Book Synopsis The Architecture of Confinement by : Anoma Pieris
Download or read book The Architecture of Confinement written by Anoma Pieris and published by Cambridge University Press. This book was released on 2022-02-24 with total page 397 pages. Available in PDF, EPUB and Kindle. Book excerpt: In this global and comparative study of Pacific War incarceration environments we explore the arc of the Pacific Basin as an archipelagic network of militarized penal sites. Grounded in spatial, physical and material analyses focused on experiences of civilian internees, minority citizens, and enemy prisoners of war, the book offers an architectural and urban understanding of the unfolding history and aftermath of World War II in the Pacific. Examples are drawn from Australia, New Zealand, Singapore, Japan, and North America. The Architecture of Confinement highlights the contrasting physical facilities, urban formations and material character of various camps and the ways in which these uncover different interpretations of wartime sovereignty.

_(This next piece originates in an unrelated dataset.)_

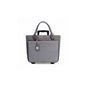 Fudo Security Florence Roller & Tote Grey (FLORLRT03)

The exclusion and material deprivation of selective populations within these camp environments extends the practices by which land, labor and capital are expropriated in settler-colonial societies; practices critical to identity formation and endemic to their legacies of liberal democracy.
Book Synopsis A Postal History of the Prisoners of War and Civilian Internees in East Asia During the Second World War by : David Tett
Download or read book A Postal History of the Prisoners of War and Civilian Internees in East Asia During the Second World War written by David Tett and published by . This book was released on 2002 with total page 432 pages. Available in PDF, EPUB and Kindle. Book excerpt: The author combines the general history of the period with personal references from individual correspondences to give detailed context to the postal arrangements for POWs and internees into and out of East Asian countries under Japanese occupation during World War II.